Most characters are going to be referenced, both in Action/Description and in Dialogue, by their first name:  Bill, Mary, Antonio, Jim, Karen, Julio, David, etc. Some scripts have dozens of named characters and by the eighth or ninth character they start to get harder and harder to keep straight. Depending on the type of story and genre, some characters will have titles: Doctor, Detective, Chief, Pastor, Professor, etc. Adding their title is a great way to differentiate them. I’m always surprised by the number of scripts I read in which a character is a doctor, a detective, a chief of some kind, or a pastor, and yet the script doesn’t refer to them as such.

Let's say your story has a detective or two, a chief, a deputy, maybe some officers.  You've got a character named Jim Sanderson and he's a detective. Referring to Jim Sanderson as Det. Sanderson in the Action/Description and Character names will make it that much easier for the Reader to distinguish Jim from the other characters. And that will make it that much easier for the Reader to follow the plot. That doesn't mean that characters have to refer to each other in the Dialogue by their titles, only if it's organic to the scene.

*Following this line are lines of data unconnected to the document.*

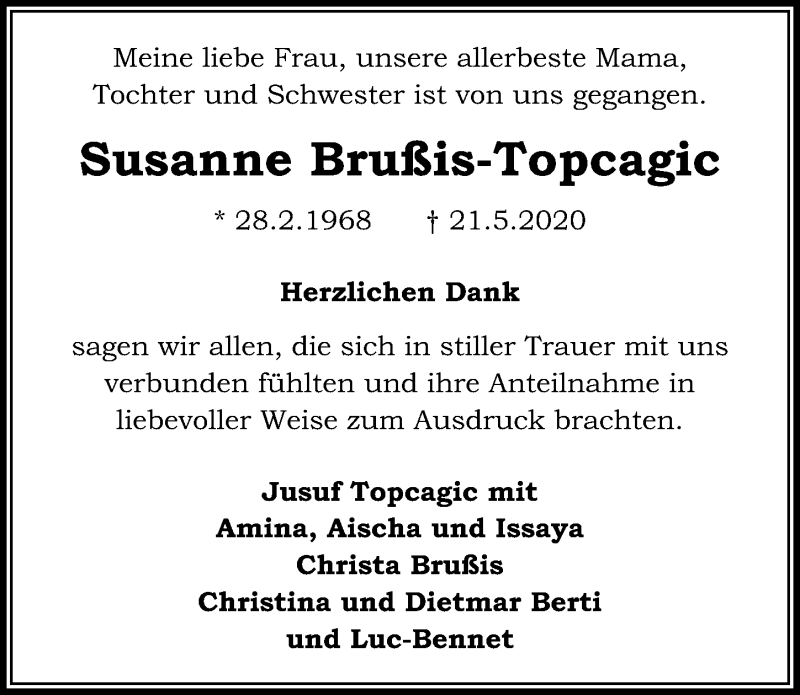  Traueranzeige für Susanne Brußis-Topcagic vom 20.06.2020 aus Peiner Allgemeine Zeitung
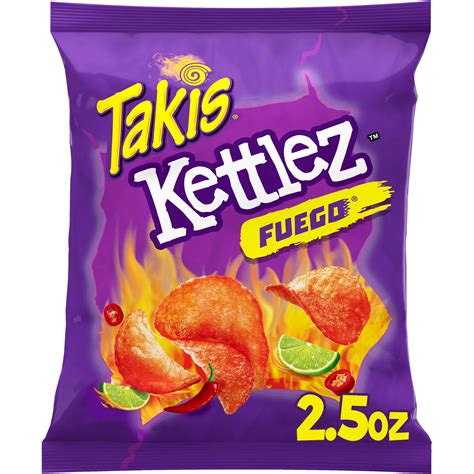 Takis Fuego Kettlez 2.5 oz, Hot Chili Pepper & Lime Flavored Spicy ...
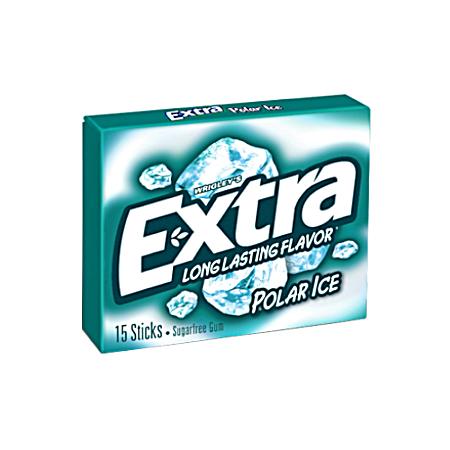 Extra 15 CT Slim Pack Sugar Free Polar Ice Chewing Gum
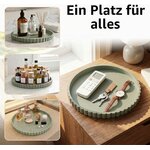 Deko Tablett für Badezimmer, 23 x 23 cm Dekoteller Rund für die Kommode, Silikon Marmorplatte rutschfeste, Schmuckschale fü 5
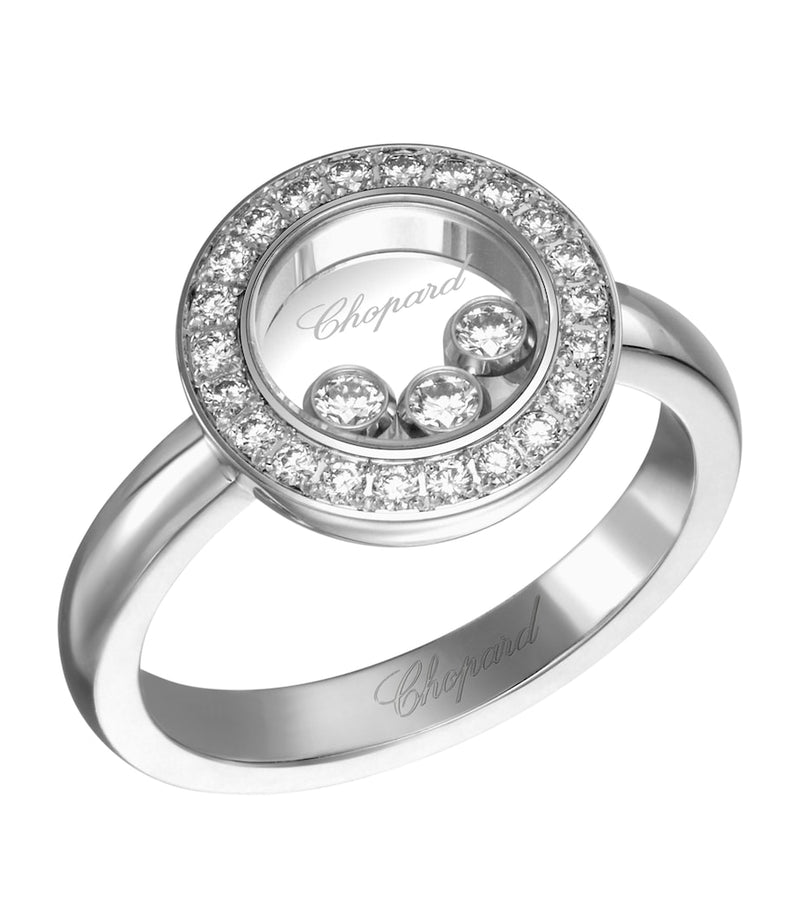 Chopard white gold diamond ring, Happy Diamonds collection, imported from the UK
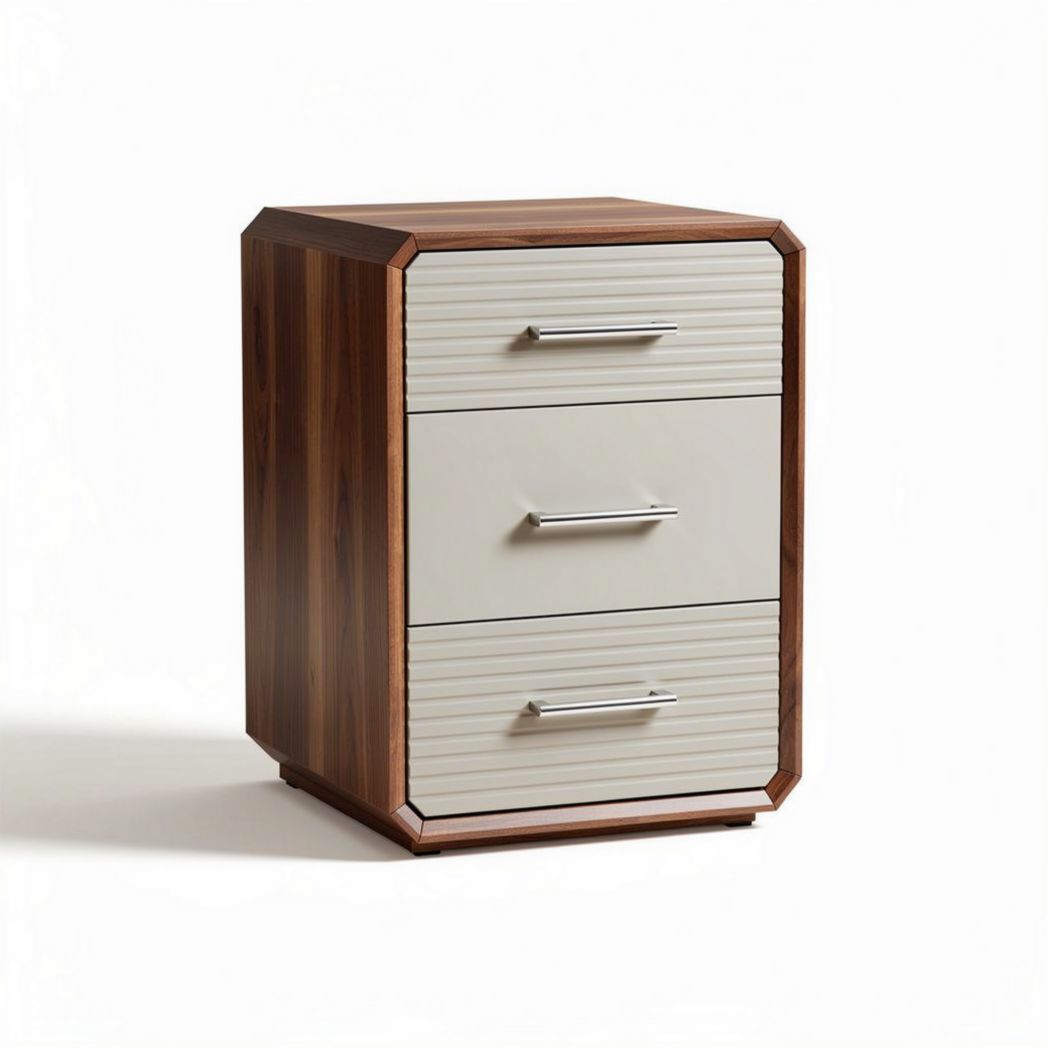 Wooden nightstand with three drawers and modern design 45 x 40 x 60cm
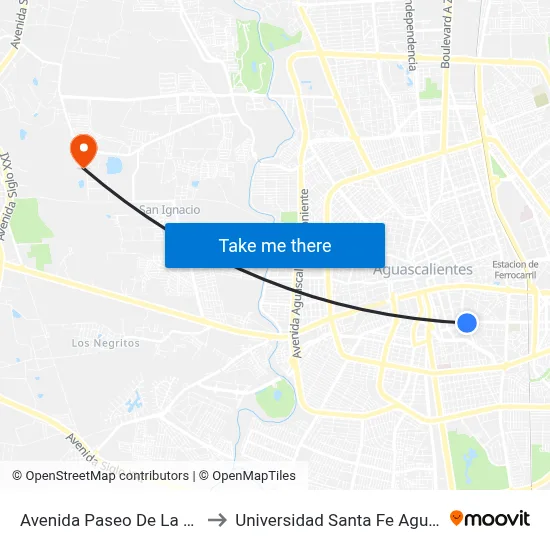 Avenida Paseo De La Cruz, 1408 to Universidad Santa Fe Aguascalientes map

Action Item for Writers: Go through your script, find the doctors, professors, and detectives, and add their character titles to the Action/Description and Character names where applicable.

What Story Analysts Do and Don't Do: The Interview

What do Story Analysts really do? The easiest answer, especially when meeting someone new, is to say "we read screenplays." That's part of the job. But it really depends on for what company or person we are doing the reading. I discussed that with Brianne Hogan of Creative Screenwriting magazine, who recently interviewed me for her "Meet the Reader" feature.

We talked about multi-tasking, writing exercises, and why writers need to think like writers. Check it out, along with the online magazine's other great resources.

Your Outline Is Your Road Map

You’ve got a great idea for a movie. You jot down a few notes, buy some screenwriting software, click around a bit, and you’re off! Soon you’re writing clever dialogue and exciting action. And then around page 67 or so things start to fizzle. You lose your way. It’s like hopping in the car and setting out to drive to new destination without consulting a road map. You’re blissfully driving down the freeway without realizing you’ve missed your exit. You take the next exit. You make a wrong turn.  Soon you’re on a dead-end street. That’s what writing a screenplay without an outline is like. It’s fun at first, but then you lose your way.

Your outline is your road map. It’s going to help you get where you need to go. Use your outline to work out the kinks. Where are you introducing your characters? Where is your inciting incident? Are the beats of the story progressing so your character is getting from points A to B to C, or are you missing B? Are you successfully setting up the climactic sequence? These issues are a lot easier to hammer out in outline form than in a 100+ page screenplay. Writing a good outline takes time and effort. But once you have a solid, workable outline, you can follow it like a map when you go to script. Realizing you need another clue for your protagonist to uncover to solve the murder mystery is easier on page seven of your outline than it is once you’ve gotten to the page 107 of your script.

As a Story Analyst I can often tell when a writer didn’t take the time and effort to write an outline. I can tell they didn’t consult the map and they got lost. It shows on the page. Sometime it shows up in the form of a timeline that doesn’t track, or a plot development that doesn’t seem to fit with the rest of the story, or a twist ending that is not credible. So take the time to write the outline. Consult the road map. It will get you where you need to go.